Advanced Combustion for Advanced Ceramics

The Project

NUTEC Bickley has been commissioned to supply and install a 125f-long tunnel kiln for an advanced ceramics manufacturing client. This will be the second NUTEC Bickley kiln for this facility.

The new tunnel kiln is designed for the debinding, sintering, and cooling of specialist ceramic cores used in the aerospace industry, and will be installed and commissioned over Q4 2022 and Q1 2023.

“We are especially proud about any repeat order,” said NUTEC Bickley ’s Ceramics VP, Alberto Cantú, “but even more so in this particular case as the customer chose to have our advanced ecombustion concept integrated into the proposal.”

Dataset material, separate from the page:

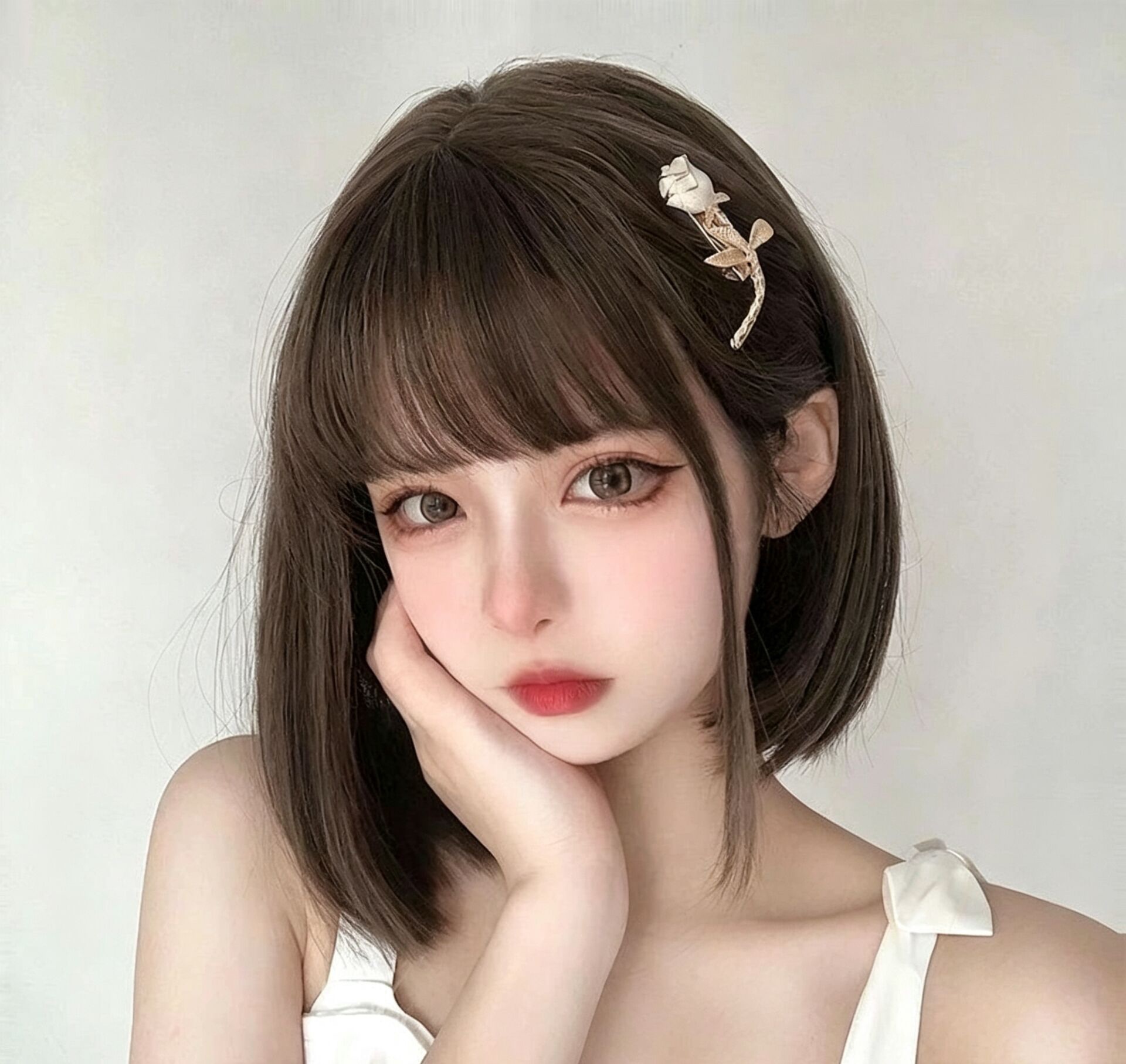 Short Bob Wig with Bangs, Natural Straight Cosplay Daily Wig for Women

“This proprietary system is a revolutionary control algorithm and methodology designed for fuel savings in gas-fired tunnel kilns, and we are convinced that this installation will perform even better than the kiln we have already supplied.”

The new kiln has an operating temperature of 2190°F (1200°C) and has been designed to work 24/7 year-round.

It has 28 kiln cars in total – 22 inside the kiln and 6 on the return tack and in waiting positions –. The cores will be fired in saggars, with typically 20kg (45lb) per saggar and a total load per kiln car of 980kg (2160lb).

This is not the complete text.